What actually builds differentiation now, especially in femtech, where the audience is informed, and the stakes are personal, is putting the people who actually know things in front of the content. 

The era of adding expert credits in the footnotes, or “medically reviewed by” under the title, is behind us. Your native expertise needs to show up in the content itself. It should inform what you write and say, and speak directly to the audience through your content.

I saw this firsthand, witnessing the behind-the-scenes of the content production for Restore Hyper Wellness

The content strategy was already solid, but when the brand’s science officer, the person in the room with clients and researchers every day, became the source, the team got its race engine. The entire dynamic shifted. The content changed, the authority changed, and with them, the way readers and search engines engaged also changed.

You can read the case study here.

Flo Health runs this at scale, with over 140 doctors curating and reviewing content for an app with 240 million downloads. Real medical expertise is central to everything they offer.

Not every brand has figured this out yet. Oli, an Australian medtech building a wearable that monitors maternal and fetal signals during labor, has a story with real stakes and real science that no competitor can replicate. But that story isn’t showing up in their content yet. 

Gaia, a fertility financing platform, has a full content library, but read a few pages, and you’ll feel the absence of a real voice. It covers the topic, but it doesn’t tell you anything that only Gaia could tell you.

The femtech brands winning on content right now are the ones where you can feel that a real person, with real knowledge, had a real hand in what you’re reading.

Content marketing keeps morphing, and the femtech space will keep shifting too. But the piece I worked on in 2022 is still showing up, and that’s proof enough that human connection, real storytelling, or in other words, human-first content, is something no algorithm or AI can ignore.

Want a hand with your femtech content strategy?

1. What should a femtech content strategy focus on in 2026?

The brands standing out right now are the ones putting real expertise and real voices in front of their content. And the fundamentals still hold: human connection, storytelling, and usefulness.

2. How is AI changing content marketing for women’s health brands?

Volume doesn’t matter now since every brand can now produce good-enough content at scale. So, the differentiator is what you’re bringing to the content that AI can’t replicate on its own.

3. What kind of content works for femtech brands? 

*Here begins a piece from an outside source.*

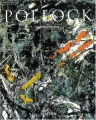 Couverture Pollock Editions Taschen 2003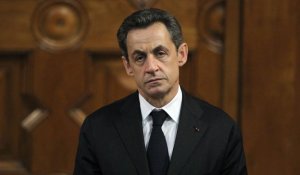 Sarkozy : comment le chef d'accusation de corruption est arrivé sur le tapis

Content that takes the audience seriously. Femtech audiences have a sharp radar for content that shows real expertise. Think, patient stories, founder perspectives, clinician-backed education, honest takes on complex topics.

4. Should I use AI to write content for my femtech brand? 

AI can be a useful part of the workflow. But femtech is a niche where accuracy is non-negotiable, and the audience can tell the difference between content written for them and content generated for anyone. If AI is doing the work without a knowledgeable human owning it, that gap shows.